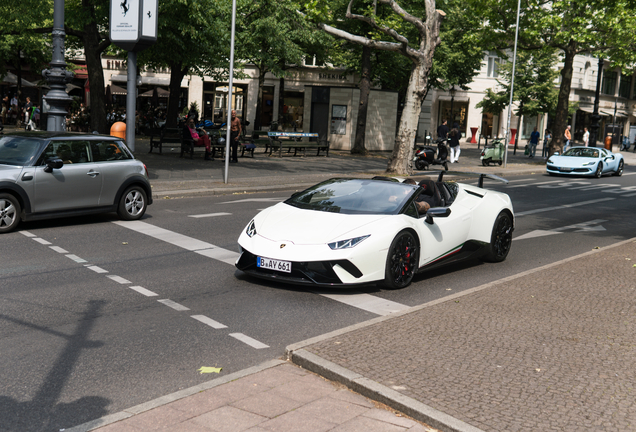 Lamborghini Huracán LP640-4 Performante Spyder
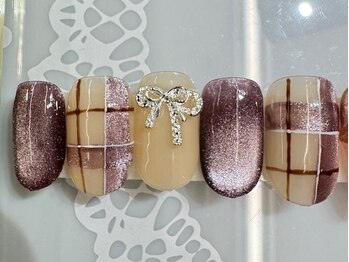 アリイネイルズ(ALII Nails)/マグネットチェックりぼん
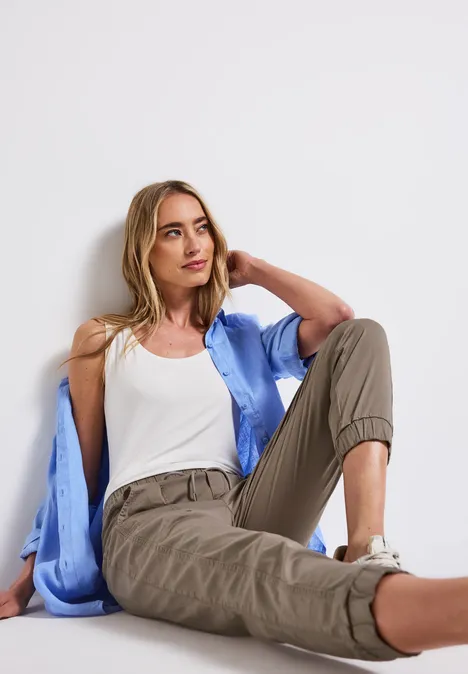 Hose im Loose Fit stone brown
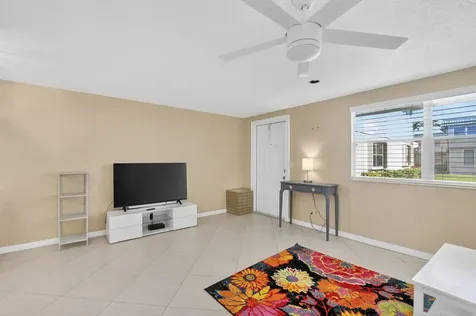 258 Monaco F Delray Beach FL 33446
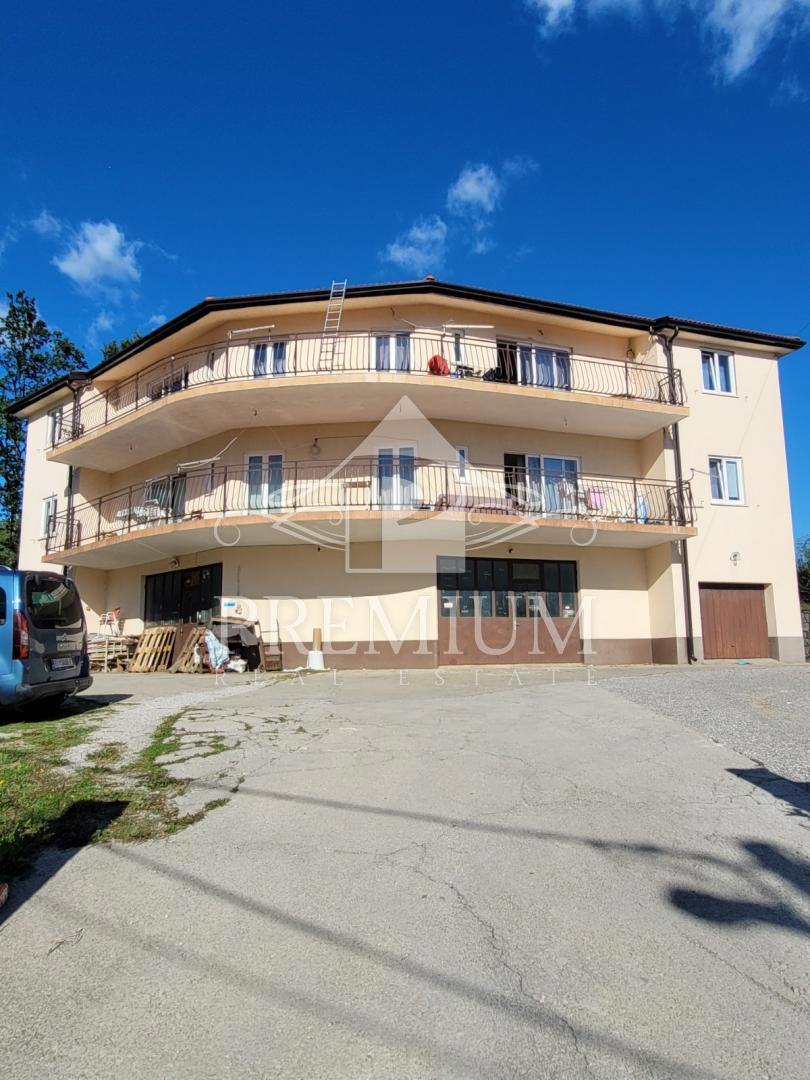 HIŠA S 4 STANOVANJSKIMI ENOTAMI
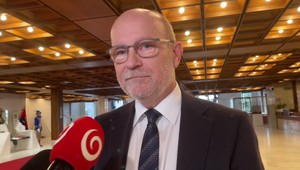 Ďalším politikom, ktorý odchádza z vlády, je Rastislav Káčer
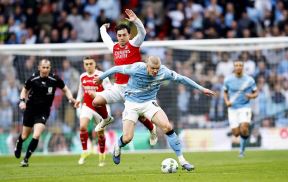 Arsenal - Mančester Siti (2).jpg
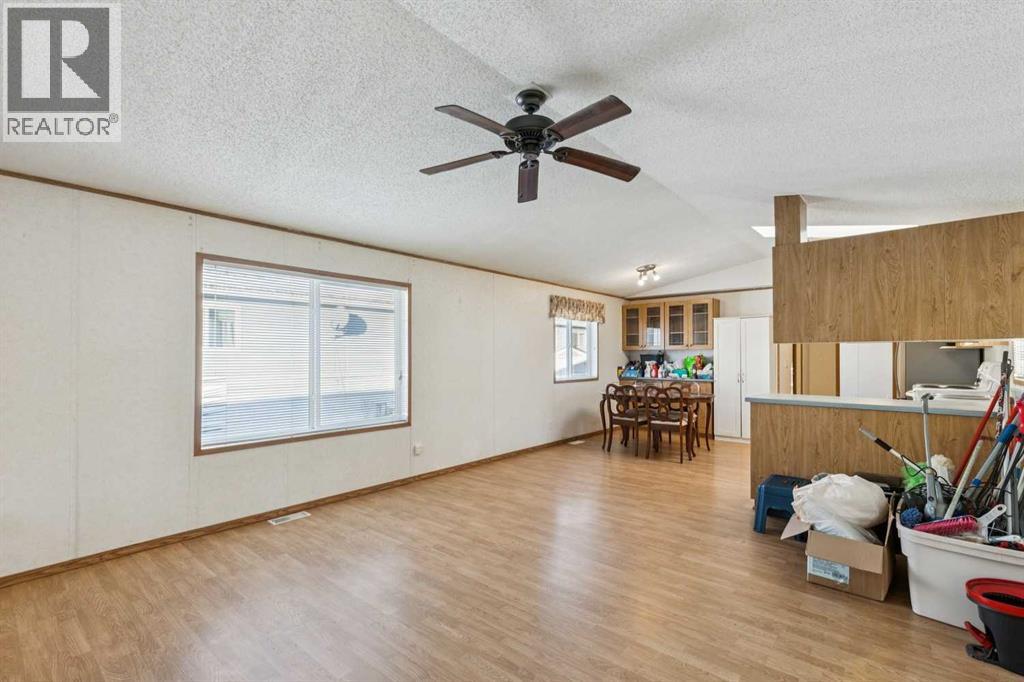 512, 3223 83 Street NW, Calgary, Alberta  T3B 5N7 - Photo 6 - A2283933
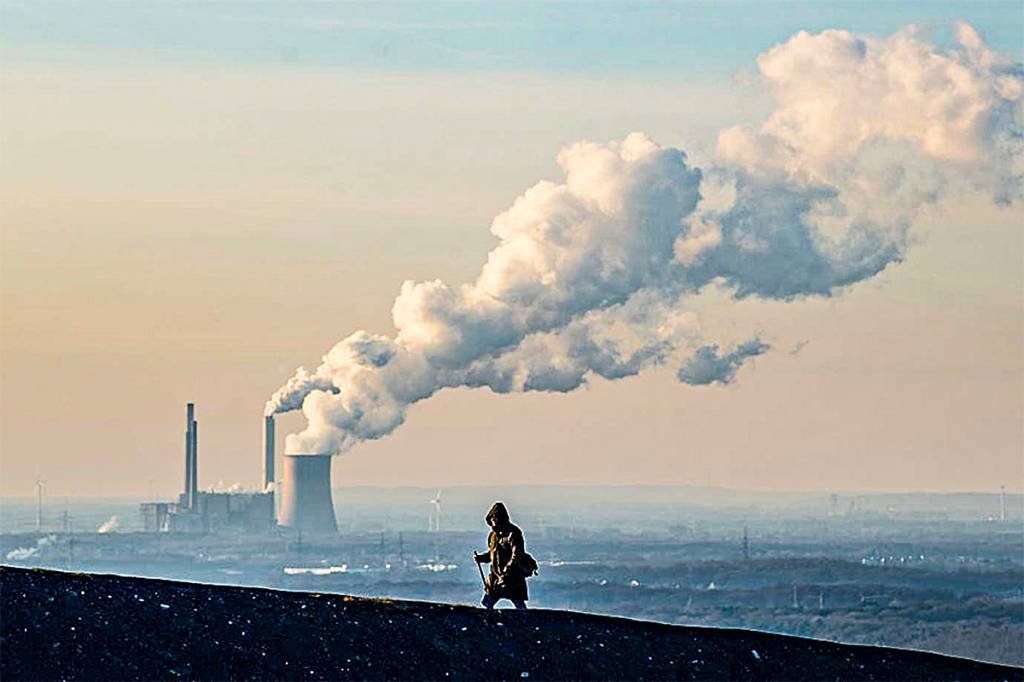 Emissões: a cada ano, produzimos mais CO2 do que a Terra consegue absorver. (Lukas Schulze/Getty Images)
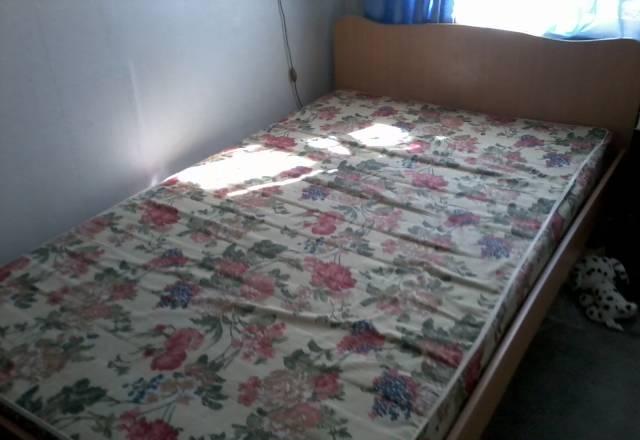 Кровать + матрас Санкт-Петербург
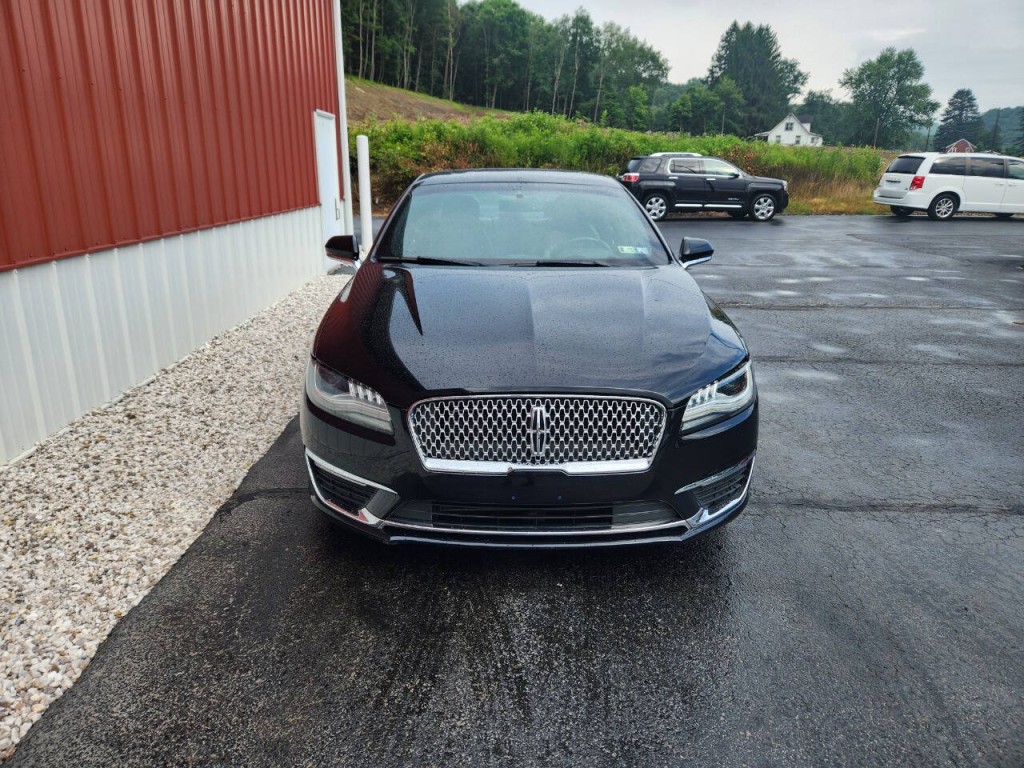 2017 Lincoln MKZ Image 3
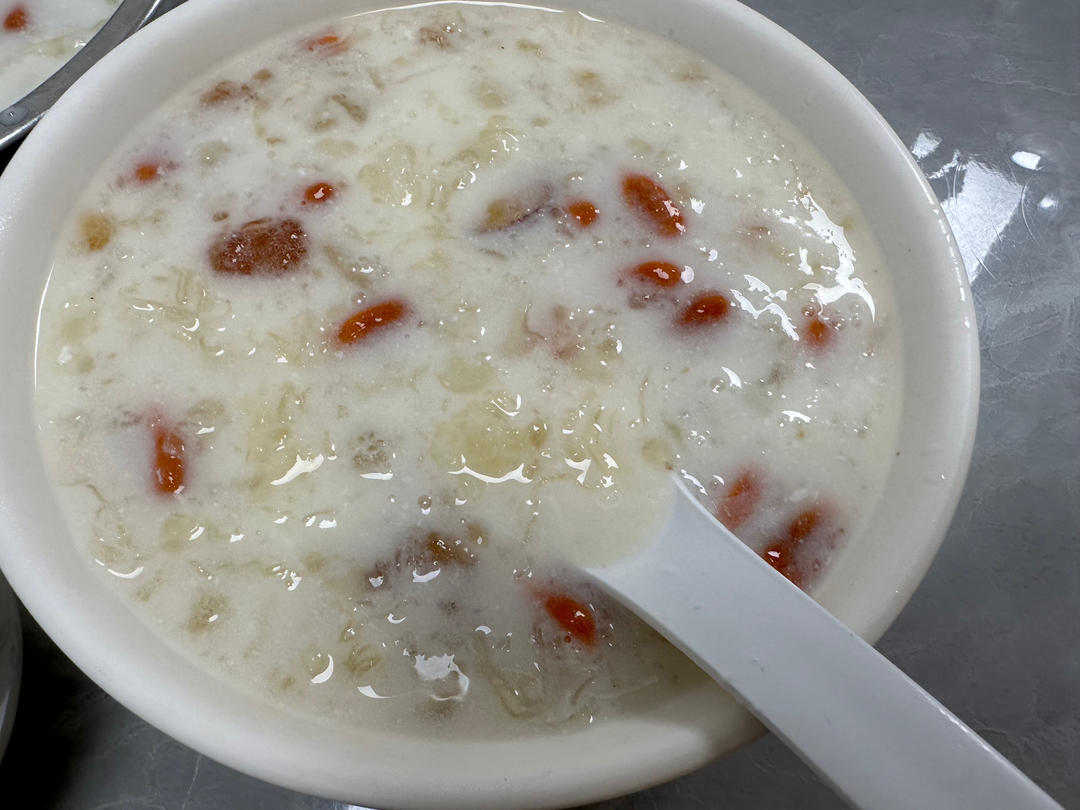 《桃胶皂角米雪燕银耳牛奶羹》据说一碗等于敷30片面膜的功效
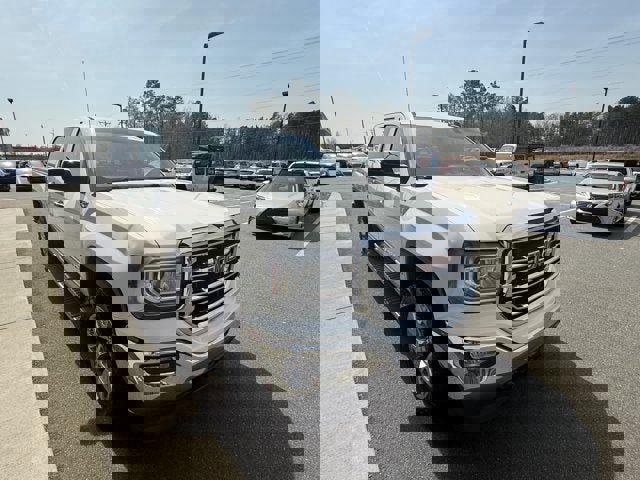 Used 2018 GMC Sierra 1500 SLT w/ SLT Premium Package image 8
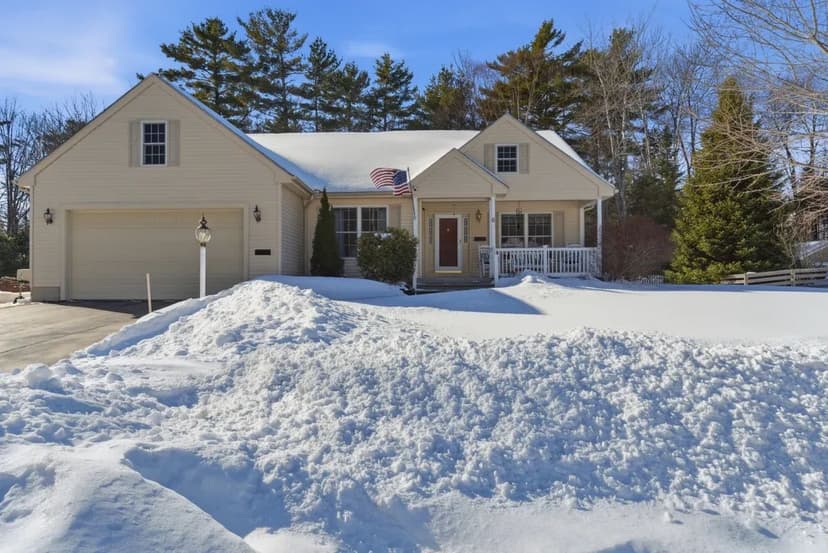 Brunswick, 6 Mountain Ash Avenue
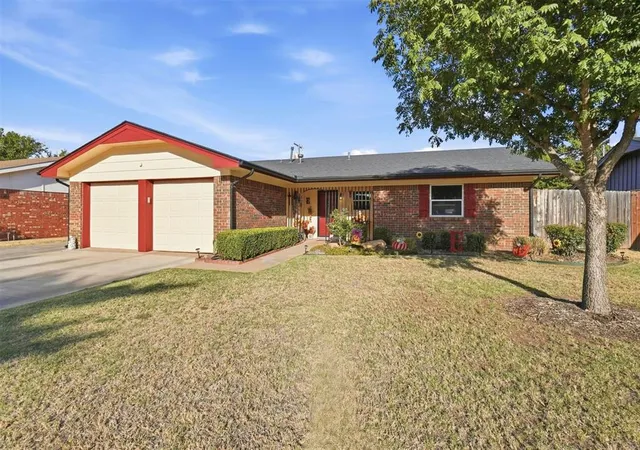 Photo 1 of Sale Pending at 2512 Cherokee Strip St, Altus, OK 73521 | MLS# 1250354 | Listing updated on 2026-09-26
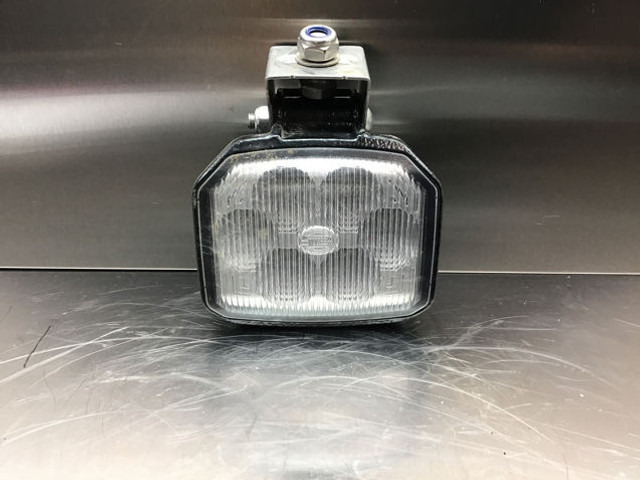 Liebherr Head Light - Faro delantero: foto 1 Liebherr Head Light - Faro delantero: foto 1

■ ■ ■ ■ ■

▸ **Task instructions**: Your task is to copy word for word the lines from the line containing "258 Monaco F Delray Beach FL 33446" to the end of the listing, both included, and to drop any pictures.

▸ **Response for this exercise**:
 258 Monaco F Delray Beach FL 33446
 HIŠA S 4 STANOVANJSKIMI ENOTAMI
 Ďalším politikom, ktorý odchádza z vlády, je Rastislav Káčer
 Arsenal - Mančester Siti (2).jpg
 512, 3223 83 Street NW, Calgary, Alberta  T3B 5N7 - Photo 6 - A2283933
 Emissões: a cada ano, produzimos mais CO2 do que a Terra consegue absorver. (Lukas Schulze/Getty Images)
 Кровать + матрас Санкт-Петербург
 2017 Lincoln MKZ Image 3
 《桃胶皂角米雪燕银耳牛奶羹》据说一碗等于敷30片面膜的功效
 Used 2018 GMC Sierra 1500 SLT w/ SLT Premium Package image 8
 Brunswick, 6 Mountain Ash Avenue
 Photo 1 of Sale Pending at 2512 Cherokee Strip St, Altus, OK 73521 | MLS# 1250354 | Listing updated on 2026-09-26
 Liebherr Head Light - Faro delantero: foto 1 Liebherr Head Light - Faro delantero: foto 1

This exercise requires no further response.